The Knowledge Pyramid

The knowledge pyramid and AI

The conceptual difference between AI and IT is that AI is based on knowledge while IT is based on data. So, AI can be said to be a knowledge-based technology, and IT is a data-based technology. And what does that mean?


The concept called the Knowledge Pyramid can help us gain perspective on the difference between IT and AI.


The Knowledge Pyramid does not, as a concept, have anything to do with technology. The concept explains levels of enriched knowledge. Specifically, the pyramid tells us that knowledge can be enriched on four different levels.


As a thorough example that can explain the four levels, we use a weather station. Let’s say you’ve set up a digital weather station on the roof of your house. It measures temperature, humidity, air pressure, wind direction, and wind speed. You can see the weather information on a monitor in your house, and perhaps also on an app on your Smartphone.


Your weather station probably works with all of the four levels of knowledge in the Knowledge Pyramid.


The lower level of the pyramid is called data. Data is unstructured and unprocessed information. In our example, it is the particular weather measurements that the weather station records. So, data is the result of the measurements in raw form. All these measurements are numbers. If you put them in a spreadsheet, you would just get rows of numbers.


If you showed your weather measurement data to other people without telling them where they came from, then nobody would be able to use them for anything. For anyone but you, they would just be numbers in a spreadsheet. Maybe some could say that they were dealing with temperature or wind, but that would be guesswork.


That is the essential characteristic of data in its raw form.  Data in itself has no value because looking at data alone does not make us understand what it is used for. This is not possible for us, because the context of the data you are looking at is not known to you.


That’s why we have information. For now, there is an understanding level that gives data value. Now we put units on our weather data. So, our spreadsheet now consists of data in a structure. For example, the information is divided into time intervals.
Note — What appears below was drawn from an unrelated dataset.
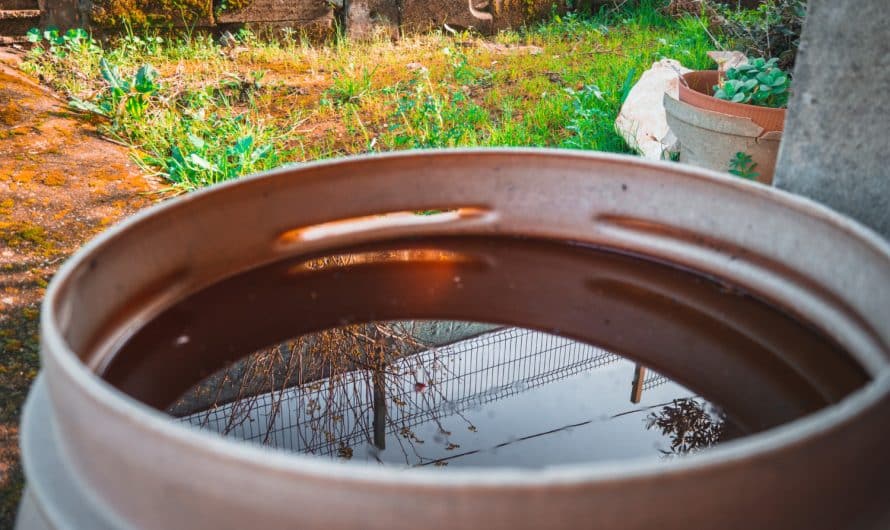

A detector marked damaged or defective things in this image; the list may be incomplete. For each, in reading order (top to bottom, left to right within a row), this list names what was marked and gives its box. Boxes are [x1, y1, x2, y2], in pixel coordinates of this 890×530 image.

rusty metal object [15, 150, 890, 528]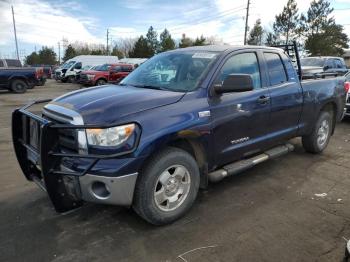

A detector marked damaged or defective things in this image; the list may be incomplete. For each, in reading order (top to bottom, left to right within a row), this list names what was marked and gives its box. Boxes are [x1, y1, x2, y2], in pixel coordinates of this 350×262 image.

damaged front bumper [12, 100, 141, 213]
The temperature measurements are shown with Celsius as the unit; we show the wind direction as degrees, etc.


What we do now is to create structure in our data, and thus we enrich it so that it is no longer data. It’s information. In our new spreadsheet, other people will now have a realistic chance to understand what the numbers in the spreadsheet mean.
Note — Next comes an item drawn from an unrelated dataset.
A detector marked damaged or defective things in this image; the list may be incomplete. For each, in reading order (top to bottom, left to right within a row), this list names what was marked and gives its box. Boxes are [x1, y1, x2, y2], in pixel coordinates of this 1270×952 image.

The preconditions for extracting knowledge from the spreadsheet are that you know what Celsius and degrees are. People know this because they have learned it. When you look at numbers with these units attached, you decide that it is probably weather numbers because you have knowledge and learning that make it possible to see a logical link from the numbers in the spreadsheet to weather information. What you do is professionally called deductive learning.


In doing so, we move up to the third level of the knowledge pyramid. Here, we find knowledge. By looking at our numbers in the spreadsheet, we know that we are looking at weather observations. It is an understanding that comes from a combination of the information we see in the spreadsheet and our knowledge. We know, for example, that the number 21 degrees Celsius means it is warm enough to wear a T-shirt if you need to get out of the house.


The next – and last – level is wisdom. Now we start acting on our knowledge. If we see a rapid drop in air pressure and changes in wind direction, then we know that there is a high risk of rain. So, we go out and remove the cushions on the patio furniture. Such actions are guided by a reflection of what we can deduct from the weather information. So, we are doing something because we are dealing with the consequences of the knowledge we get from our spreadsheets.


Thus, the lowest level of the pyramid of knowledge is data, and the highest is wisdom. The definitions of the four levels are:


  • Data: A collection of facts in raw or in unorganized form.
  • Information: Organized and structured data that has been cleared of errors. It can, therefore, be measured, analyzed, and visualized.
  • Knowledge: Learning is a central component of knowledge. Here you learn based on insights and understanding of data and information.
  • Wisdom: The highest level is wisdom. Here, reflection is the central component, as well as being an action-oriented stage. You act based on the understanding you have.


The key to knowledge is that you use it as a starting point for making decisions.


But there is a huge difference between a decision-making process based on information or knowledge, especially when it comes to tech solutions.